In the mob or not, we’re all criminals

2014-01-05 10:00

The fat white man in the pink T-shirt spat words at the camera. “Give him to the community. The community will sort him out. We will make a good example of him.”

The screaming blonde teenage girl seconded that. “Give him to us. We will do to him what he did to her.”

The crowd threw rocks and beat the sides of a police van, believing the target of their fists to be inside.

Hundreds of Brakpan residents – some near hysterical – gathered outside the local magistrates’ court this week for the first appearance of a 23-year-old man accused of raping and murdering his niece, four-year-old Jasmine Pretorius.
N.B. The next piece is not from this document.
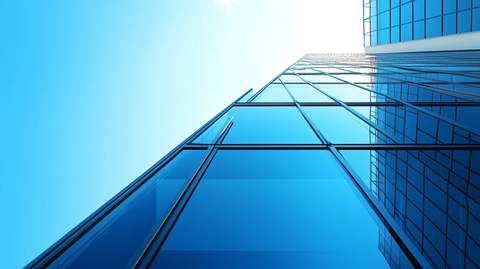 宝石蓝玻璃建筑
Blind with rage, screaming for blood, mob justice had arrived among an unlikely bunch of suspects not generally known – not in this day and age – for common purpose vigilantism: poor whites.

Could this be a perverse sign that whites are catching up to what blacks have always known? That under apartheid, justice was for whites only, and since then only for those who can afford it?

Two decades after the end of apartheid, the majority of South Africans still don’t trust the law to be there when they need it.

Which is why we tend to make up our own rules as we go along. We don’t call it breaking the law, we call it “doing the right thing” in the absence of a system that reliably regulates, protects and cares for us.

In Khutsong, on a single Sunday last November, “the community” burnt or stoned to death six men – all said to be gangsters who had terrorised their streets, their children and even the local cops.

But you don’t have to be part of a wild-eyed, axe-wielding lynch mob to be an outlaw in South Africa. Most of us break the law or at least believe that some laws are there to be broken by us model citizens. Indeed, it is our moral and ethical duty to break them.

We refuse to buy e-tags because we think government is ripping us off so the robber-barons can build bigger fire extinguishers in their back yards – maybe in future even with wet bars at the shallow end?

We routinely run red robots because everyone does, especially those arrogant, lawless taxi drivers. We privately think corporal punishment, which has been abolished but continues to be carried out at many schools without missing a beat, is a good thing because it didn’t hurt us, did it?

And who cares if Radovan Krejcir and criminal scum like him get tortured in jail? That’s what they deserve. They should bring back the death penalty while they’re at it.

Apartheid has made outlaws of us all. Under apartheid, if you were black you were practically born a criminal.

Walking along the wrong street, sitting on the wrong bench, reading the wrong book, falling in love with the wrong person, standing in the wrong queue?…?these things could get you arrested, and worse.

Under apartheid if you were white, you were practically born a criminal, though it was easier to stay out of jail.

You just had to follow orders, ask no questions and see and hear nothing bad. Oh, and to dismiss the whispers and cries for equality under human law by other races as base ingratitude.

Any way you look at it, surviving a psychotic regime with any amount of dignity, self-worth and sense of humour meant being forced to break the law on an almost hourly basis.

So now we’re stuck with it, this legacy of lawbreaking from back when it was impossible, ludicrous even, for anyone with half a wit and a drop of courage to abide by the insane laws of this land. We remain – in ways I’m not even sure we are conscious of – casually barbaric in our “law abiding” views.

The same folk call into talk radio stations like 702, complaining about crime and corruption.

I had to laugh this week when a presenter invited comments about the murder of former Rwandan spy chief Patrick Karegeya, who was strangled in the Michelangelo Hotel in Sandton on New Year’s Day.

The caller was indignant. “What I want to know,” she huffed, in the sort of 702 phone-in voice that meant “I want my children to feel safe riding their bikes in the street”, “What I want to know is?…?what were these people doing in the Michaelangelo?”

Which seems an odd sort of response to a murder.